NO WRITER ATTRIBUTED

"I would refuse to follow a general who accepted a peace prize before the battle was won," Malcolm X told nearly 1000 people attending the Law School Forum in Sanders Theatre last night.

In an apparent reference to the Rev. Martin Luther King. Malcolm declared "As a leader, I would refuse to accept a prize for peace while my people had no peace."

Malcolm declined, however, to mention King by name. In response to a question from the audience following his prepared speech, Malcolm said he "wasn't dealing in any particular personalities. I have no comment on my good friend Dr. King."

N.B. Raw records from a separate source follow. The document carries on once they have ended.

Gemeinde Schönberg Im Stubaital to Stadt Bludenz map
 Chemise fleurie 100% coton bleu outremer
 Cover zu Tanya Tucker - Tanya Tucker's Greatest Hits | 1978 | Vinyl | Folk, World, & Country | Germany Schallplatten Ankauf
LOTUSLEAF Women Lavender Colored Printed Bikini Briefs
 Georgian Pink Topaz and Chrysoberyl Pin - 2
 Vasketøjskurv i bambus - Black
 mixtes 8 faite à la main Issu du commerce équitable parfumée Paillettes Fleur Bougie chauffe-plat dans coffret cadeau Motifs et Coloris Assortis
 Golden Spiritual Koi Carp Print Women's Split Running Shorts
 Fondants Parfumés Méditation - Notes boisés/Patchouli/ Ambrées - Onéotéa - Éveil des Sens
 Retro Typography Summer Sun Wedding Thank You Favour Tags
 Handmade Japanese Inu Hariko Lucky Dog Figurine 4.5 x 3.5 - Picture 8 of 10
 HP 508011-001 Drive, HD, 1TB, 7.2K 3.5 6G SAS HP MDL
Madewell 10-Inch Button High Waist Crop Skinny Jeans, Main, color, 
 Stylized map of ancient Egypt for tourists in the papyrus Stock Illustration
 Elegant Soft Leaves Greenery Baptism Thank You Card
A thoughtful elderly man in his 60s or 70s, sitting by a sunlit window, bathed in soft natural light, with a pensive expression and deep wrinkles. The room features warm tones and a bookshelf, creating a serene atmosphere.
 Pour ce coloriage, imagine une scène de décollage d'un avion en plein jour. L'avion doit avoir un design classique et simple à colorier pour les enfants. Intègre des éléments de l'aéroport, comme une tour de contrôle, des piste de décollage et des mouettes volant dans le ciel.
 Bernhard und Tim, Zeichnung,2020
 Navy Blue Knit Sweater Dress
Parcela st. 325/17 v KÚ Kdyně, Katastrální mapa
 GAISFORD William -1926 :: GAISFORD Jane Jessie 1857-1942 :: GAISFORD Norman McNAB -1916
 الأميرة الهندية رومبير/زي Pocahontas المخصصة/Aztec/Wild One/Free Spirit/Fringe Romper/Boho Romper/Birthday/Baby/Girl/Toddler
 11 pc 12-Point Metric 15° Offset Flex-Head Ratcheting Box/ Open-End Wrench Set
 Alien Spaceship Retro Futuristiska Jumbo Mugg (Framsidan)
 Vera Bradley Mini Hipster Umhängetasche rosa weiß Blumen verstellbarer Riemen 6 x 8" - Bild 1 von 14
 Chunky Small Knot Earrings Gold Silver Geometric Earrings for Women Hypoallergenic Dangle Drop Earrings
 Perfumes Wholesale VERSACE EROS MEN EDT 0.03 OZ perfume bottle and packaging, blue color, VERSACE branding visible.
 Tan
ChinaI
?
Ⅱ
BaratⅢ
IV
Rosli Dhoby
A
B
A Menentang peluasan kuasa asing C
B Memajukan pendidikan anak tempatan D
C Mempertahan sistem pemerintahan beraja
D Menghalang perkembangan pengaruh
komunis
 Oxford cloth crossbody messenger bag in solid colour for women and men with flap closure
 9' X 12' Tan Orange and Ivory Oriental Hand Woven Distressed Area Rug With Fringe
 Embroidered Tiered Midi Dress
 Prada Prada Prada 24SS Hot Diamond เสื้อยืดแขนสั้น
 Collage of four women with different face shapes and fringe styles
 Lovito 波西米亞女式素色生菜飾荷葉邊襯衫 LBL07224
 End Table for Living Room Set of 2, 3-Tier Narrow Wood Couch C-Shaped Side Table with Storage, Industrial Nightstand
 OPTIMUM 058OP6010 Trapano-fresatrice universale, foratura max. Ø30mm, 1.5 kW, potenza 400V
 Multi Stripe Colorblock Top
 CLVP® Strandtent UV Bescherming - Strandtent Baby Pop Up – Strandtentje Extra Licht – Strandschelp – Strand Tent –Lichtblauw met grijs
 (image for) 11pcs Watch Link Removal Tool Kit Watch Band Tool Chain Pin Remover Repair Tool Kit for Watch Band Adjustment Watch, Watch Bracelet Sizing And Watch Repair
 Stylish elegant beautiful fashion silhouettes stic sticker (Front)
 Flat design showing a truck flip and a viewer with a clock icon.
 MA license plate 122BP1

But Malcolm lashed out at advocacy of nonviolence as a "trick," charging, "It is Inhuman sub human--for a man to let a dog bite him or to let a man club him and not fight back."

"We feel," said the head of the Organization of Afro-American Unity, that civil rights workers should be protected by "units qualified and equipped to protect them under all circumstances."

"You can't have peace until you've ready to defend it," he said.

Turning to American participation in the Congo, Malcolm charged the U.S. with "Criminal" actions in defense of a militarily untenable position.

Congolese Premier Moise Tshombe is "the worst African there is," Malcolm declared, "and every African knows it." Congolese troops have never won a victory for Tshombe, said Malcolm, because they don't support him.

"The only way to keep Tshombe in power is to keep sending in white troops," said Malcolm, but the Congo is "too big and too hot" for the whites to win.

Meanwhile, he continued, American trained pilots are bombing defenseless vilages, but the American people are "dumb enough" to believe that the U.S. is on a mission of mercy in the Congo.

Repeating several times the line that give rise to his split with Elijah Muhammed--"the chickens are going to come back to roost"--Malcolm started that the U.S. is already facing a new hostitity from African nations that have not been fooled by the "shrowd" reporting of the American press.